▶ _TASK INSTRUCTIONS_:
From the entries that follow, copy exactly the lines beginning at the line holding "Possibly: The kitchen" and continuing through the line holding "Epic wide shot".

▶ _RECORDS PROVIDED_:
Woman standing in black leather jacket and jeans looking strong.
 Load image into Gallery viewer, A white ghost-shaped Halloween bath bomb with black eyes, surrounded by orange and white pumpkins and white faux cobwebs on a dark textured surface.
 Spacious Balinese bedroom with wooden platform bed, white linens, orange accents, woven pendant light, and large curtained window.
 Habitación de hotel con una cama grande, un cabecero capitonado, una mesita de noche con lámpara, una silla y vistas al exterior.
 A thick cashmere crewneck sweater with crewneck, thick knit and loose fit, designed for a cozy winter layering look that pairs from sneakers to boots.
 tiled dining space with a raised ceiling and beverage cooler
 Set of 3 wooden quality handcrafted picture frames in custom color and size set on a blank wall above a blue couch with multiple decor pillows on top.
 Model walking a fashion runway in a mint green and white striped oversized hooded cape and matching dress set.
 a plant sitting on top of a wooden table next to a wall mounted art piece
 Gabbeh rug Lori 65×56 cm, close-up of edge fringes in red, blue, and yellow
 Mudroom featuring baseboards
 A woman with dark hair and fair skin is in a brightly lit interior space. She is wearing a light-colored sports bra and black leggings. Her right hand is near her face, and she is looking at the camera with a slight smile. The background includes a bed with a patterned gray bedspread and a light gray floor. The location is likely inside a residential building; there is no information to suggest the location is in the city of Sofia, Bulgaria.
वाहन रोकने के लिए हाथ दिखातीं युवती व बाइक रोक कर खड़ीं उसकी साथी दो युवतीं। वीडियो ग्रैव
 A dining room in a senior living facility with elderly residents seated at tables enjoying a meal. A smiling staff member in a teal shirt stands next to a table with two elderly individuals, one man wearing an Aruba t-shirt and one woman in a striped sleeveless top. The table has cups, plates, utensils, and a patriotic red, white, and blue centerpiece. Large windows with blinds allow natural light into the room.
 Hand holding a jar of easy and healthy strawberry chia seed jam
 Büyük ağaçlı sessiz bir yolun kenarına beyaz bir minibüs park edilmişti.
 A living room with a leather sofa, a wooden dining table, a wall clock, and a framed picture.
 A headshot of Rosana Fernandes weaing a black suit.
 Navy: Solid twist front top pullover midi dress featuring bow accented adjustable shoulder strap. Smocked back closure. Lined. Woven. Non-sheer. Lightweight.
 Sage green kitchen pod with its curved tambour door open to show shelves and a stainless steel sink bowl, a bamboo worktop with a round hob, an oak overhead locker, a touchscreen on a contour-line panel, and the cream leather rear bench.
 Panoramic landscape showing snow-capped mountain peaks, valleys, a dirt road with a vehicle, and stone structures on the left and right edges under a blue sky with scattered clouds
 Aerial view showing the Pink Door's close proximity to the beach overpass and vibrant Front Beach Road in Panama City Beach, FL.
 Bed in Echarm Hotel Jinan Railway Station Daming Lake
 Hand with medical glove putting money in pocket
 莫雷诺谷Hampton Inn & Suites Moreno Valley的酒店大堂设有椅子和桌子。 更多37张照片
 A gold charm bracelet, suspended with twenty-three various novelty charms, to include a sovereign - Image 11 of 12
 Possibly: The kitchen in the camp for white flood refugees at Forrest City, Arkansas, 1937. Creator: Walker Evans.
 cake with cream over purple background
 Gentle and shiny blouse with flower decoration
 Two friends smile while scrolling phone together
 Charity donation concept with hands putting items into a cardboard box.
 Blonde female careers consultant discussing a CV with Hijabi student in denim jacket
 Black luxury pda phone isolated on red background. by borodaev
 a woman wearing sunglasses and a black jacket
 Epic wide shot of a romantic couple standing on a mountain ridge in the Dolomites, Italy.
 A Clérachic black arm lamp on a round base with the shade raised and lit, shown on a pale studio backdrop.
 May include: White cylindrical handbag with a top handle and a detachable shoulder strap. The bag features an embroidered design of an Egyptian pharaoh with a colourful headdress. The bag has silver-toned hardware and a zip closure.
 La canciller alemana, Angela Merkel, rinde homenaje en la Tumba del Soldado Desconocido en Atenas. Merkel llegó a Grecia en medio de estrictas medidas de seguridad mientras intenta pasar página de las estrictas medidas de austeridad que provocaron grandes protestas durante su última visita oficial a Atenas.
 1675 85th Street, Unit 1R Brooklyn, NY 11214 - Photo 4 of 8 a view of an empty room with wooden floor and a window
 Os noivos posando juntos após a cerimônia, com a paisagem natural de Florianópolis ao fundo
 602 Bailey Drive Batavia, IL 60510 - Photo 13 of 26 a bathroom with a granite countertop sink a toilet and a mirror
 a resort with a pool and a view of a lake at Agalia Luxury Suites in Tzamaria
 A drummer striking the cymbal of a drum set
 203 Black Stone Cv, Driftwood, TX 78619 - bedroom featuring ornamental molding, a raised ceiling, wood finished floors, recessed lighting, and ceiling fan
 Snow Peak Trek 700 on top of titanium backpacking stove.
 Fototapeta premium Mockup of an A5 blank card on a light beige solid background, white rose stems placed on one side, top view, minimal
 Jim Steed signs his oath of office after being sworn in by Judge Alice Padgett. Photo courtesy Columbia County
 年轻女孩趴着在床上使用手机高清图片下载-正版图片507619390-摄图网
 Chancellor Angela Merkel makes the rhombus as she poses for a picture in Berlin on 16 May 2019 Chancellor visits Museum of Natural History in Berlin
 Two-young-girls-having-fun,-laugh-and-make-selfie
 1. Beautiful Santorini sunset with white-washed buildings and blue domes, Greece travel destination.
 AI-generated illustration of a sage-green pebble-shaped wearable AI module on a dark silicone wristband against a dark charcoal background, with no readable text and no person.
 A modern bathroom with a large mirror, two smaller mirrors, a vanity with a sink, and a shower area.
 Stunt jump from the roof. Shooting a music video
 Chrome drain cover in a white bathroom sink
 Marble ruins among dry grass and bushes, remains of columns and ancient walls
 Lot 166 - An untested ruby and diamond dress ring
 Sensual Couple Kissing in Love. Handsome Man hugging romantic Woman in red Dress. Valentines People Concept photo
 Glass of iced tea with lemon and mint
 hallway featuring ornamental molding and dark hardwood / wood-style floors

▶ _RESPONSE_:
 Possibly: The kitchen in the camp for white flood refugees at Forrest City, Arkansas, 1937. Creator: Walker Evans.
 cake with cream over purple background
 Gentle and shiny blouse with flower decoration
 Two friends smile while scrolling phone together
 Charity donation concept with hands putting items into a cardboard box.
 Blonde female careers consultant discussing a CV with Hijabi student in denim jacket
 Black luxury pda phone isolated on red background. by borodaev
 a woman wearing sunglasses and a black jacket
 Epic wide shot of a romantic couple standing on a mountain ridge in the Dolomites, Italy.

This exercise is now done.